A Call Back to the Whole Counsel of God
To my brothers and sisters in Messiah, I write this not in
anger, but in burden. Not to divide, but to call back. Not to accuse, but to
awaken. I believe the modern church has preserved something precious, but has
also overlooked something foundational. And if we are serious about truth, we
must be willing to examine both.
What the Church Has Done Right
Let me begin with honor. The modern church has fiercely
defended the truth that salvation is by grace through faith. You have
proclaimed the death, burial, and resurrection of Yeshua faithfully. You have
stood against works based righteousness. You have declared that no man earns
salvation by effort. You have carried the name of Jesus to the nations. For
this, I am grateful.
You have also upheld:
- The
authority of Scripture
- The
centrality of Messiah
- The
necessity of faith
- The
power of the Holy Spirit
These are not small things. But here is where the tension
begins.
Where We Have Drifted
In defending grace, many have unintentionally discarded
covenant obedience. In reacting to legalism, many have embraced lawlessness. In
separating ourselves from Judaism, we have separated ourselves from the very
Scriptures that defined Messiah. We have preached Romans and Galatians, but
neglected Deuteronomy and Jeremiah. We have quoted Paul, but overlooked Moses. We
have emphasized “freedom”, while quietly redefining obedience. And somewhere
along the way, the Law of God, His Torah, became something optional, obsolete, or even
dangerous. But Scripture never says God’s instructions were a mistake.
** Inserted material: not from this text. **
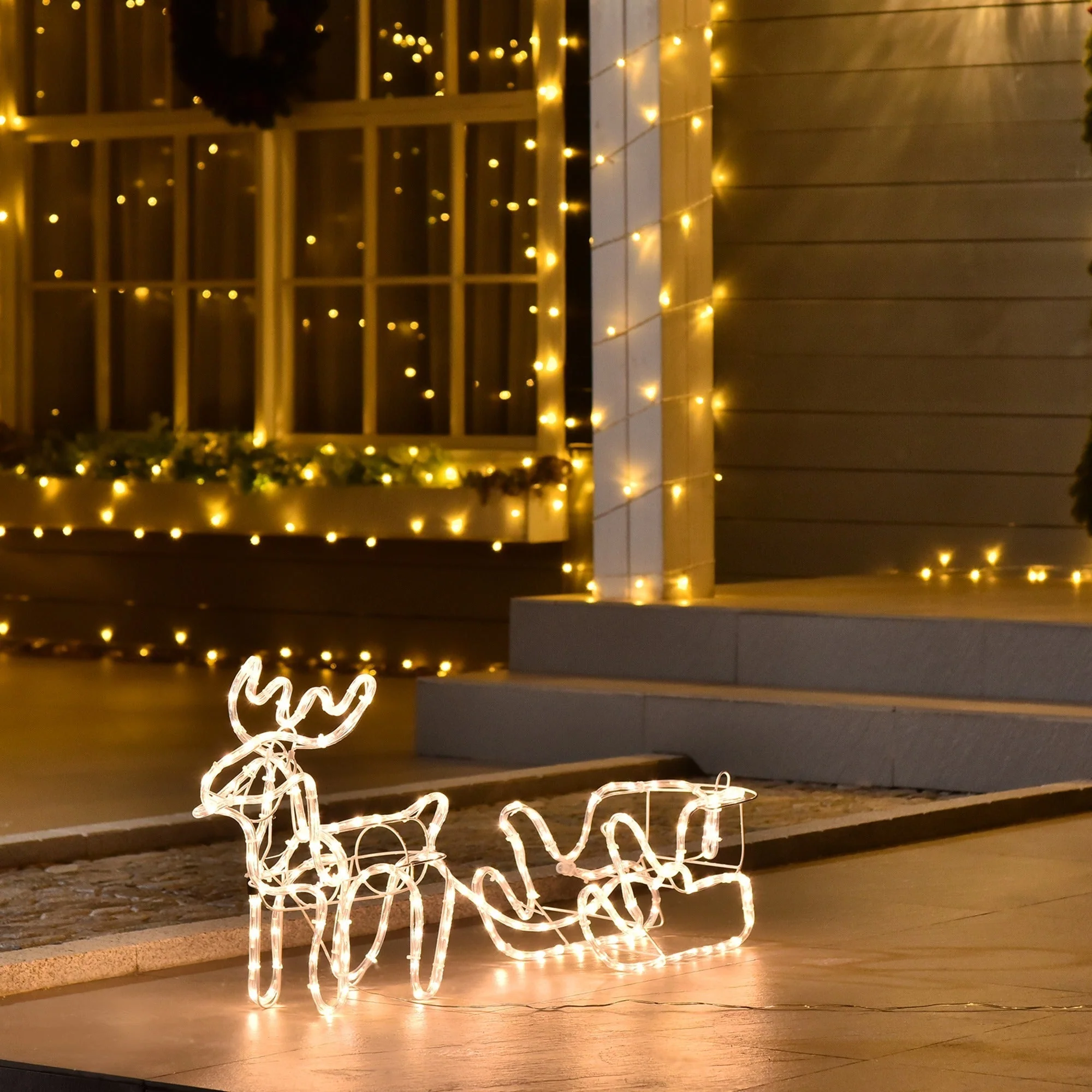 Outsunny 35' LED Reindeer Sleigh Outdoor Christmas Decoration - Image 2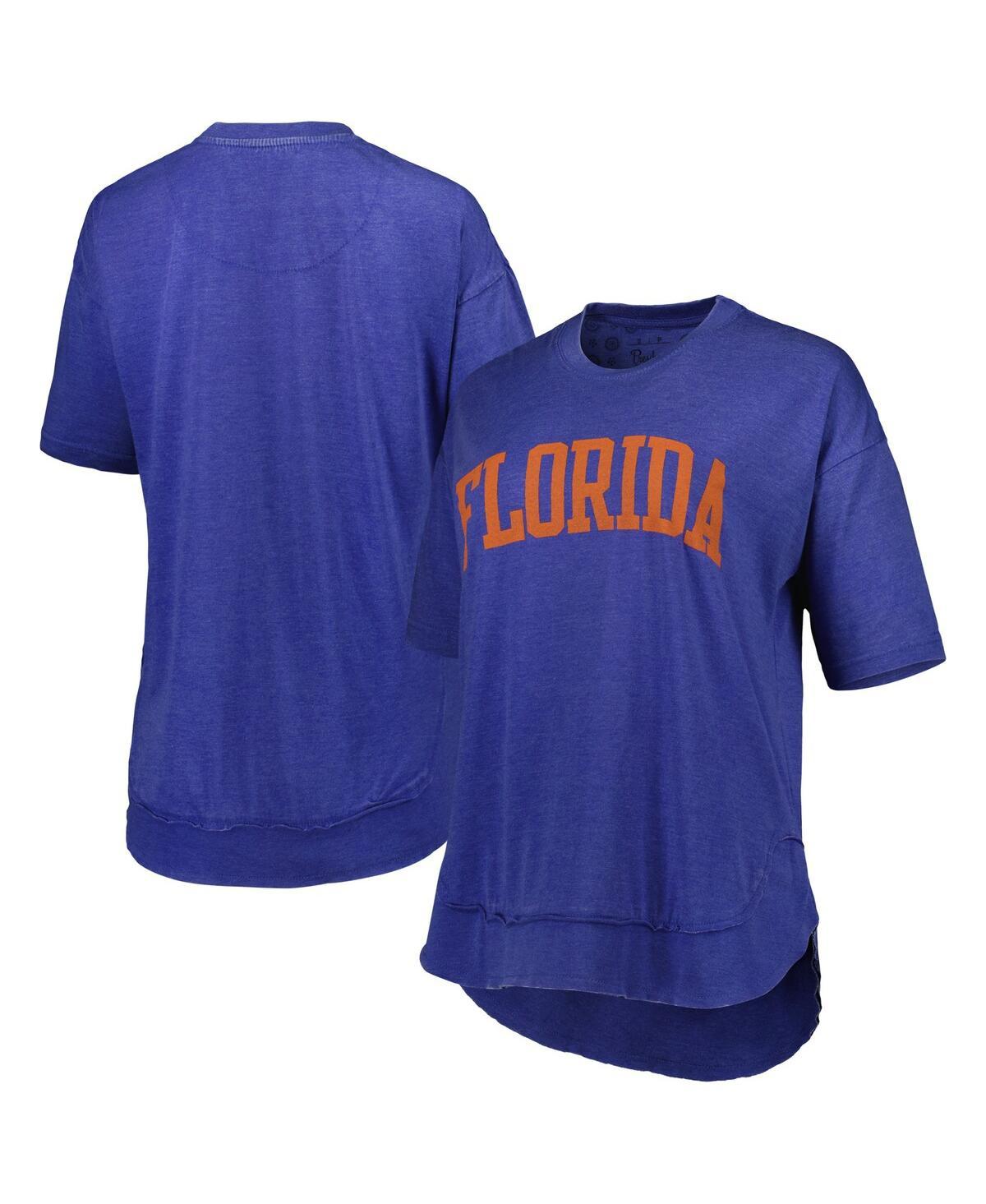 Women's Royal Distressed Florida Gators Arch Poncho T-shirt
The Torah Was Never the Enemy
The Torah was not given for salvation. It was given to a
redeemed people. Israel was saved from Egypt before Sinai. Obedience followed
redemption. The Law revealed sin. It revealed how to love God.
It revealed how to live as His covenant people. When Israel abandoned it, they
were scattered. The prophets did not call them to “believe differently.” They
called them back to Torah. Over and over again.
The New Covenant Was Not a Reversal, It Was an
Internalization
Jeremiah 31 says: “I will put My law in their minds and
write it on their hearts.”
It does not say: “I will abolish My law.”
It says the location changes, from stone to heart. The High
Priest changes, from Levi to Messiah. But nowhere does God say His definition
of sin changes. Nowhere does He say obedience no longer matters. Nowhere does
He say love is detached from commandment.
Yeshua Himself said: “If you love Me, keep My commandments.”
Not reinterpret them. Not replace them. Keep them.
The Mystery We Overlooked
The Gospel is not merely individual forgiveness. It is
covenant restoration. The House of Israel was scattered among the nations. The
prophets declared they would return. Yeshua said He came for the lost sheep of
the House of Israel. Paul spoke of the mystery of the Gospel. The mystery was
not that God loves people. The mystery was how God could restore a divorced,
scattered people without violating His own Law. Messiah’s death resolves that
covenant dilemma. The story is bigger than we were taught.
Where the Modern Church Has Gone Wrong
We have reduced the Gospel to personal afterlife security. We
have separated faith from obedience. We have labeled Torah “bondage” without
wrestling with covenant context. We have dismissed feast days, Sabbaths, and
dietary distinctions as irrelevant, without asking whether God ever said they
stopped mattering. We have taught believers that the Old Testament is “for
history,” while the New Testament is “for living.” But the apostles only had
the Old Testament. They reasoned from it. They taught from it. They proved
Messiah from it.
When Paul said: “Do we then make void the law through faith?
God forbid: yea, we establish the law.”
We rarely pause on that.
This Is Not About Legalism
Let me be clear. Obedience does not save. Circumcision does
not save. Feast days do not save. Dietary laws do not save. Messiah saves. But
obedience reveals love. Torah defines sin. If we remove Torah from the
conversation, we lose our vocabulary for righteousness.
A Plea for Reconsideration
Church, I am not asking you to abandon grace. I am asking
you to recover covenant continuity. I am not asking you to earn salvation. I am
asking you to reconsider what obedience looks like. I am not asking you to
become Jewish. I am asking you to stop dismissing the instructions of the God
you claim to love. The prophets never urged Israel away from Torah. They urged
them back to it. And the New Covenant promise was not new morality. It was
internalized covenant fidelity.
A Final Word
If we truly believe:
- God
does not change
- Sin is
defined by Him
- Love
equals obedience
- The
Spirit writes His law on our hearts
Then we must ask ourselves: Have we abandoned what He wrote?
This letter is not condemnation.
It is an invitation. Let us return, not to legalism, but to
loving God the way He defined love. Let us stop reacting to church history and
return to the whole counsel of God.
Grace and peace to all who seek truth.